MSN - [search.msn.com...]

Google - [google.com...]

steveb

11:27 am on Mar 16, 2006 (gmt 0)

WebmasterWorld Senior Member 10+ Year Member



"WHY?"

Because MSN blows chunks.

"I end up in the number 1,2,3,4"

qed

HoagieKat

12:01 pm on Mar 16, 2006 (gmt 0)

10+ Year Member



I actually find MSN's search results are usually more relevent to what I'm searching for. Google just seems to keep the top sites at the top and never lets anyone new, but with good content through. MSN's SERPs seem fresher.

bostonseo

2:00 pm on Mar 16, 2006 (gmt 0)



Quantam Goose my experience has been exactly the same. I'm hoping that MSN really starts to advertise in the next 6 months so that my #1 rankings start seeing more clicks.

Google honestly is such a pain in the ass - you can't spend your whole life trying to figure out or predict their next move.

I don't think Google's search results are anymore relevant at all than MSN or Yahoo, it's just that Google is where the majority of people search. Actually I'm disappointed in their response to my submission of ur's that are completely unrelevant - there are a couple of websites that show up on the first page in the U.S. anytime you type in a city name. You can do a search for 'Dentist in Atlanta' and this website which is basically a weather webiste will come up as the #2 and #4 ranking for that query. It makes no sense! They haven't fixed this and has been going on for 6 months.

Miop

2:04 pm on Mar 16, 2006 (gmt 0)

10+ Year Member



MSN's serps are fresh and my site is nearly always up to date and fully indexed, no 'supplementals' or URL only pages. Problem is, something they changed in their algo means that we don't rank for anything anymore!
I probably need to add more text...

Frederic1

4:25 pm on Mar 16, 2006 (gmt 0)

10+ Year Member



According to me, MSN Search is a long way reaching Google's relevancy.

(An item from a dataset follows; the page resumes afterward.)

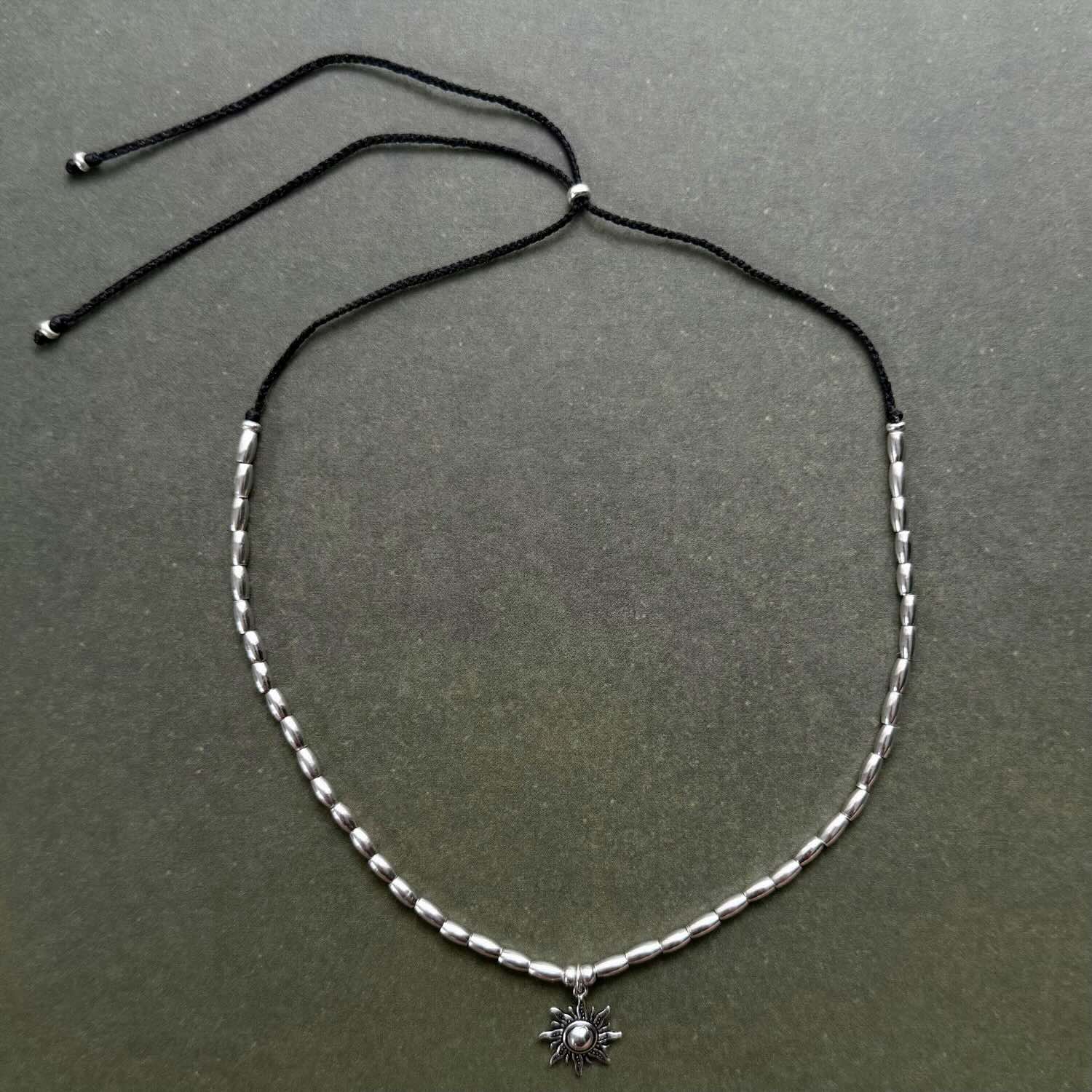 Necklace with a small pendant on a dark gray background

A simple example is that any url which has more than 2 dashes in it (mainly sites using url-rewriting) will be totally ignored by MSN Search! I mean urls like this : [mysite.com...] ... so LOADS of news pages or blogs will never rank well on MSN Search, nor will their backlinks be considered, and this only because of many dashes in the url.

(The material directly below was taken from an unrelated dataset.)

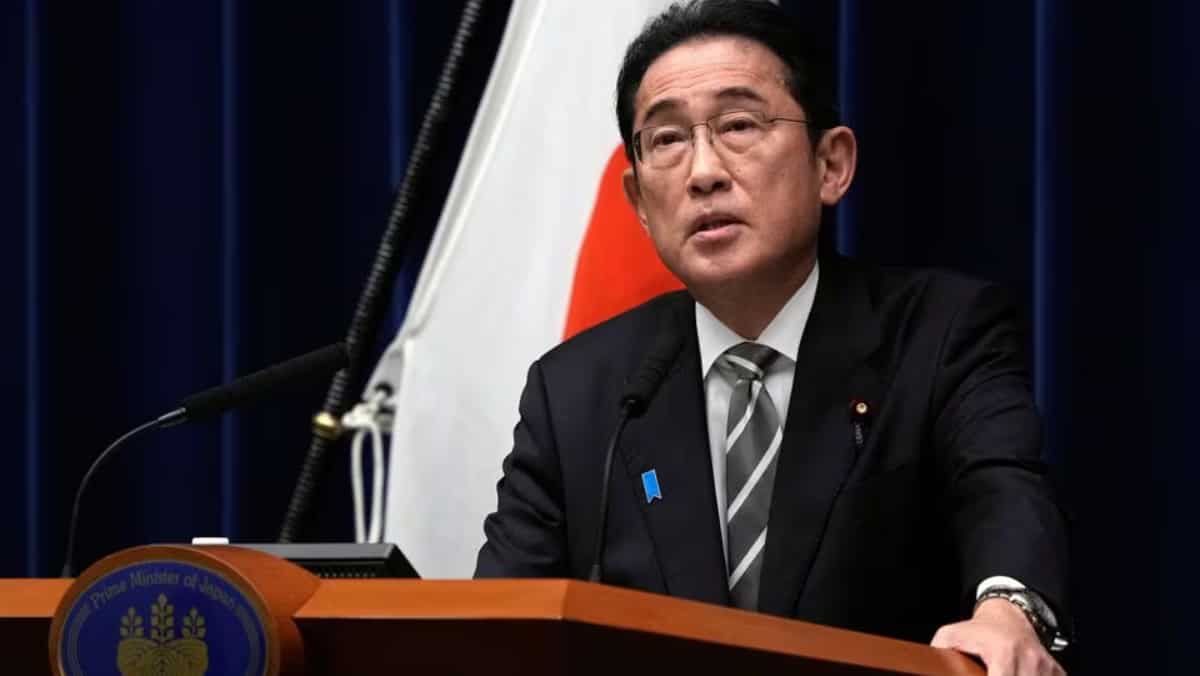 Japan PM overhauls cabinet in bid to weather financial scandal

Frankly MSN Search is not a good search engine.

Kufu

4:48 pm on Mar 16, 2006 (gmt 0)

10+ Year Member



I do SEO and getting results on MSN is a piece of cake. All our clients do rather well in MSN. You can go about it two ways:

1. Spam MSN (in a smart way)
2. Do really good SEO

And you'll get great results on MSN, even for highly competitive terms.

trinorthlighting

7:33 pm on Mar 16, 2006 (gmt 0)

WebmasterWorld Senior Member 10+ Year Member



Funny you all mention this. I have a new website that is doing very well on google and msn for newer and abstact keywords (I sell a new and unique product) Anyways I have noticed that I get more traffic from MSN than I am from google. I think a lot more people are switching to MSN search since this past October when google really screwed up their index. Google searches are very irrelevant and MSN has more up to date information with fresh caches.

300m

8:25 pm on Mar 16, 2006 (gmt 0)

10+ Year Member



"A simple example is that any url which has more than 2 dashes in it (mainly sites using url-rewriting) will be totally ignored by MSN Search! I mean urls like this : mysite.com/this-is-the-news.html ... so LOADS of news pages or blogs will never rank well on MSN Search, nor will their backlinks be considered, and this only because of many dashes in the url."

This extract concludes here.